NER_CRF model is not generalizing

Hi, below is my config file:

config = “”" language: “en”

pipeline:

  • name: “SpacyNLP” # loads the spacy language model model: “en_core_web_md” case_sensitive: false

  • name: “SpacyTokenizer” # splits the sentence into tokens

  • name: “SpacyFeaturizer” # transform the sentence into a vector representation

  • name: “SklearnIntentClassifier” # uses the vector representation to classify using SVM

  • name: “RegexFeaturizer”

  • name: “CRFEntityExtractor” features: [ [“low”, “title”, “upper”,“prefix2”,“suffix2”], [“bias”, “low”, “prefix5”, “prefix2”, “suffix5”, “suffix3”, “suffix2”, “upper”, “title”, “digit”, “pattern”], [“low”, “title”, “upper”,“prefix2”,“suffix2”] ]

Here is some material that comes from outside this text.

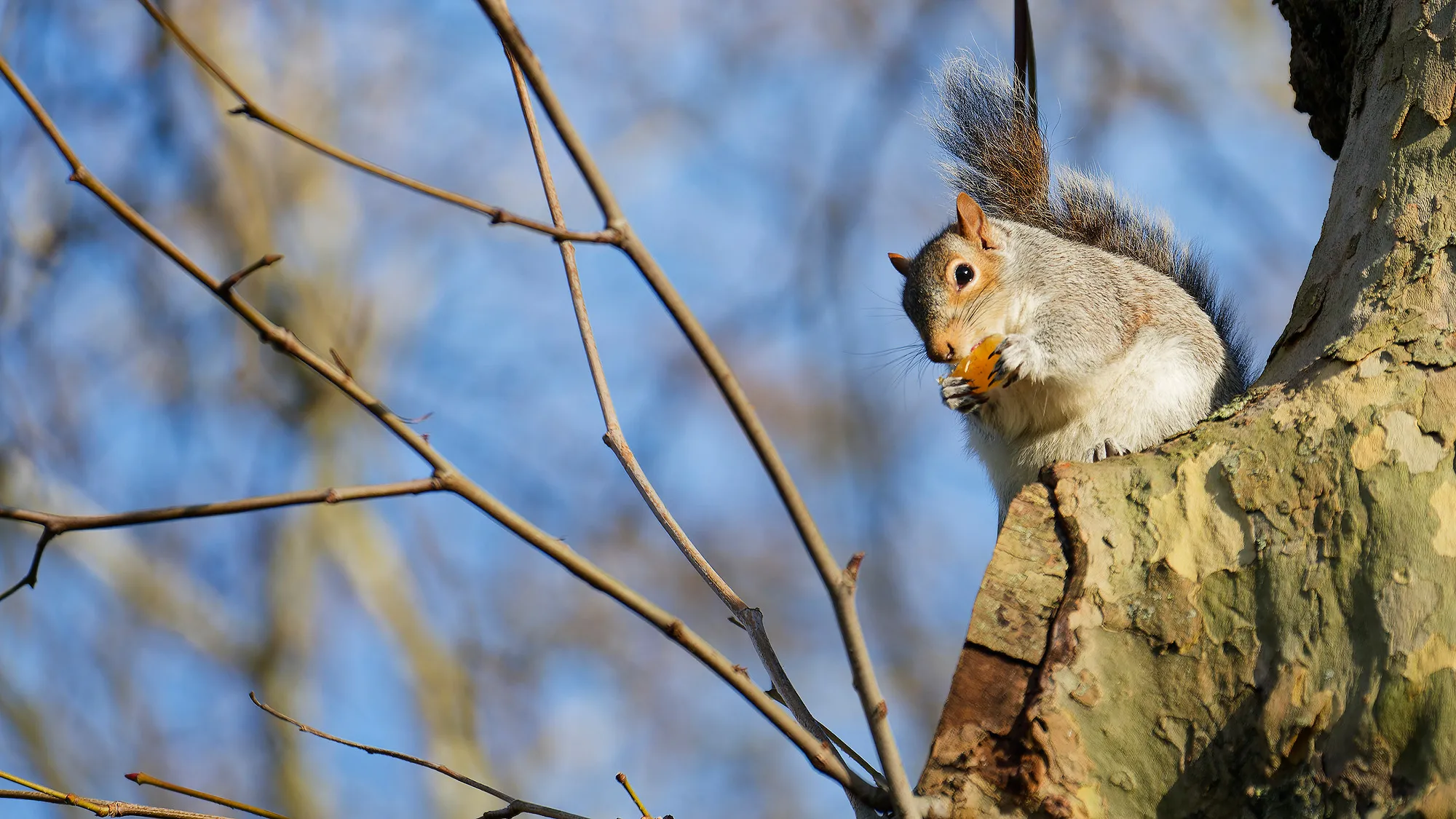Frans-Londen-Hyde-Park-Ledenbijeenkomst-januari-2026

  • name: “EntitySynonymMapper” # trains the synonyms “”"

I have now provided almost 300 training examples in my intents. NER is able to identify the entity on which i have already trained but it is not generalizing to entity that are not in training data. for example:

Let say i have training data as:

  • How do i get number of issue for ABC
  • How do i get number of students in XYZ
  • How many number of students are in NOP

I have almost 300 training examples as such. Model is able to predict the [ABC],[XYZ] and [NOP] but it doesn’t recognizes [DEF] as dept. I don’t feel the answer to this query shall be “Include more training examples” Because the CRF model of CORENLP starts generalizing to these entities with very less amount of training data.

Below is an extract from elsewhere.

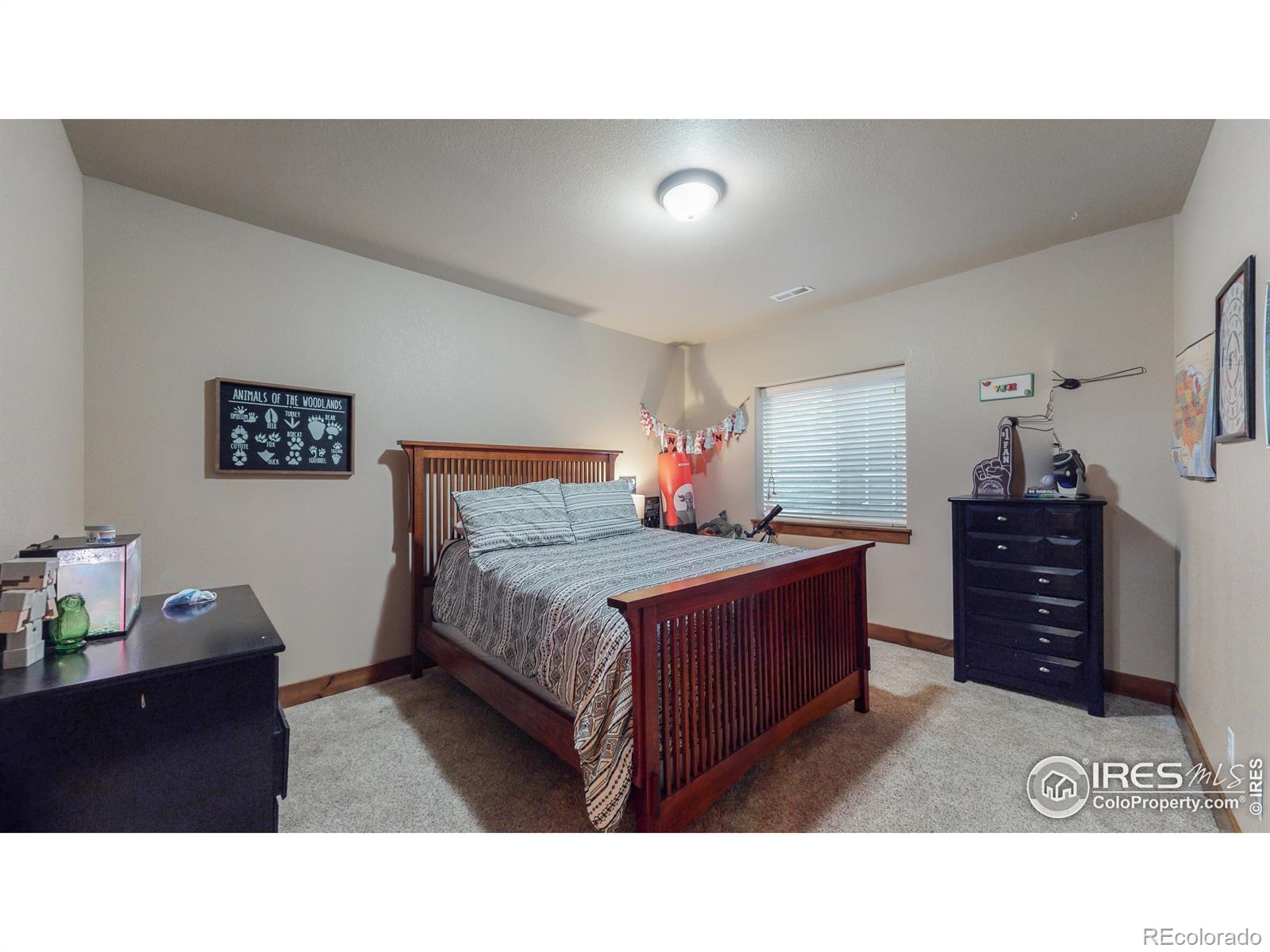 MLS Image #19 for 5035  apricot drive,loveland, Colorado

P.S. : These are just the sample names i have used. Can anyone provide any thoughts on this? @akelad @erohmensing

@abhi_bh_nlp have you tried using a regex for this?

Well the Questions that i have posted is very simplistic. real Questions are : What is the count of high risk issues that are due in less than 30 days for banking and financial channel

I have to identify all these NE. the problem is dept name or most of the NE are not generalizing. its only predicting if the entity is present in training data. My problem is Dept name can be list of 100 or 1000 i dont know. I am not sure if regex is the option here.

CoreNLP starts generalizing at lot less data points. I am not sure why this NER is not @akelad

ah sorry, i misread your original post and thought the entities were in formats like XYZ, so e.g. issue numbers or something.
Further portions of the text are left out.